## Data shown

※

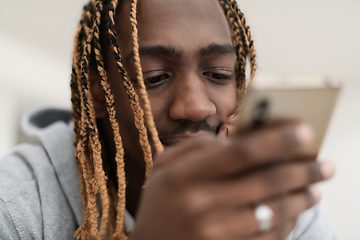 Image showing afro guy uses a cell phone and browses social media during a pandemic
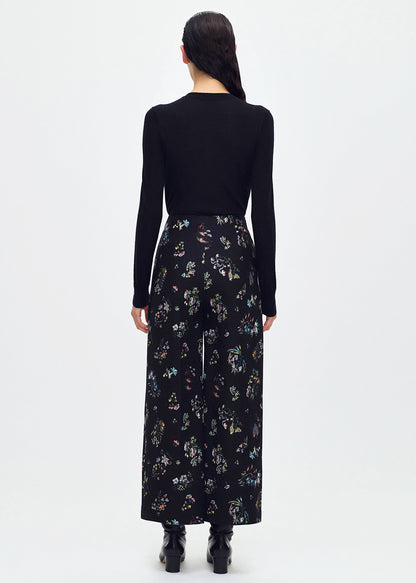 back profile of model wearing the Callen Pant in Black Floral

※

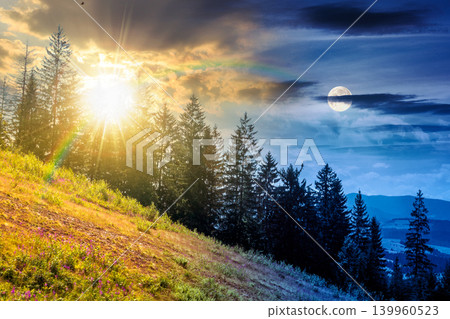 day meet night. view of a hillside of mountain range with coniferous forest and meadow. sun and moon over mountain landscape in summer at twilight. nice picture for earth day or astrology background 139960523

※

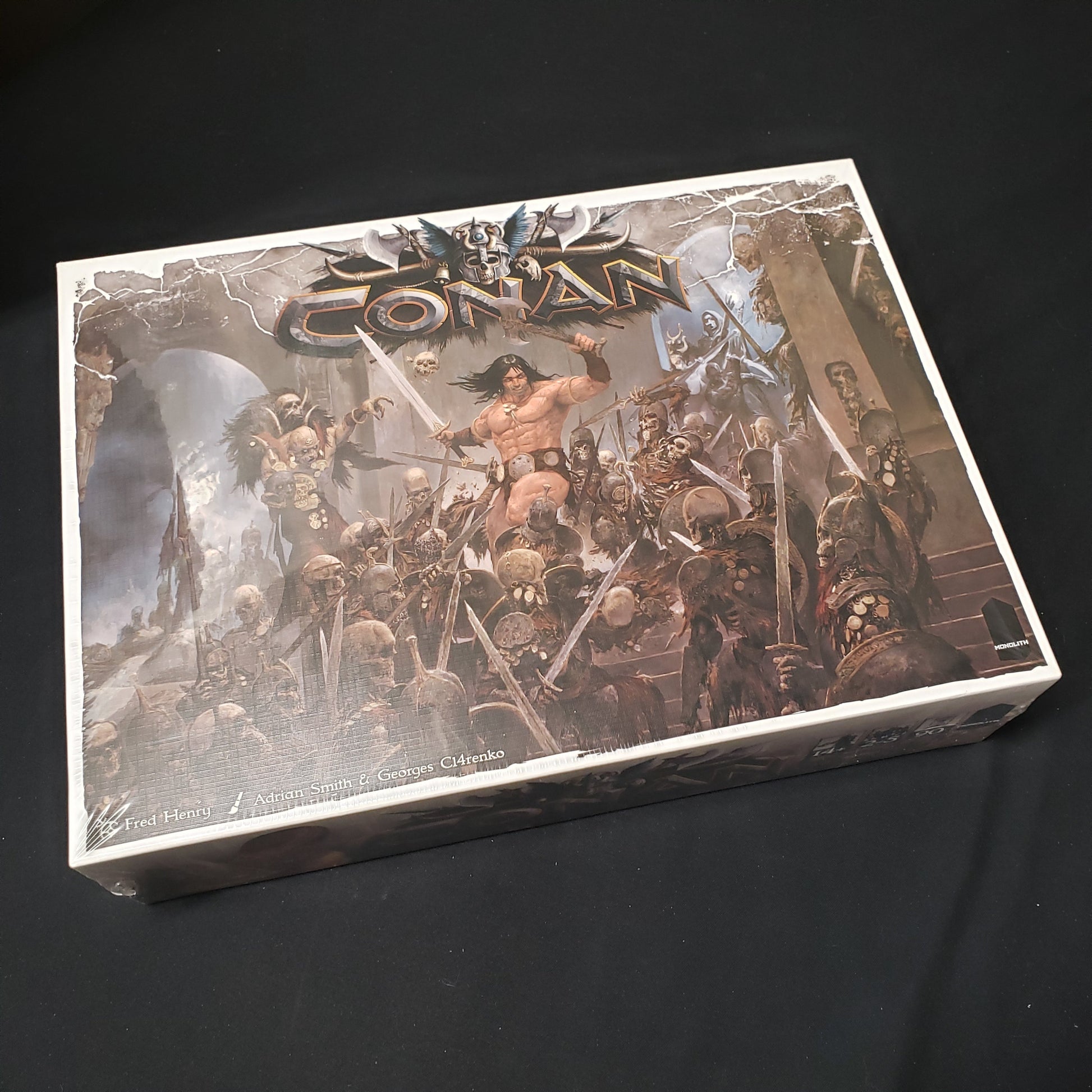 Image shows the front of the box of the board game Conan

※

## Your task
Only the lines above from the one with "Image showing afro" to the one with "back profile of" should be printed, both included and exactly as written; no picture belongs in the copy.

## Output below
 Image showing afro guy uses a cell phone and browses social media during a pandemic
 back profile of model wearing the Callen Pant in Black Floral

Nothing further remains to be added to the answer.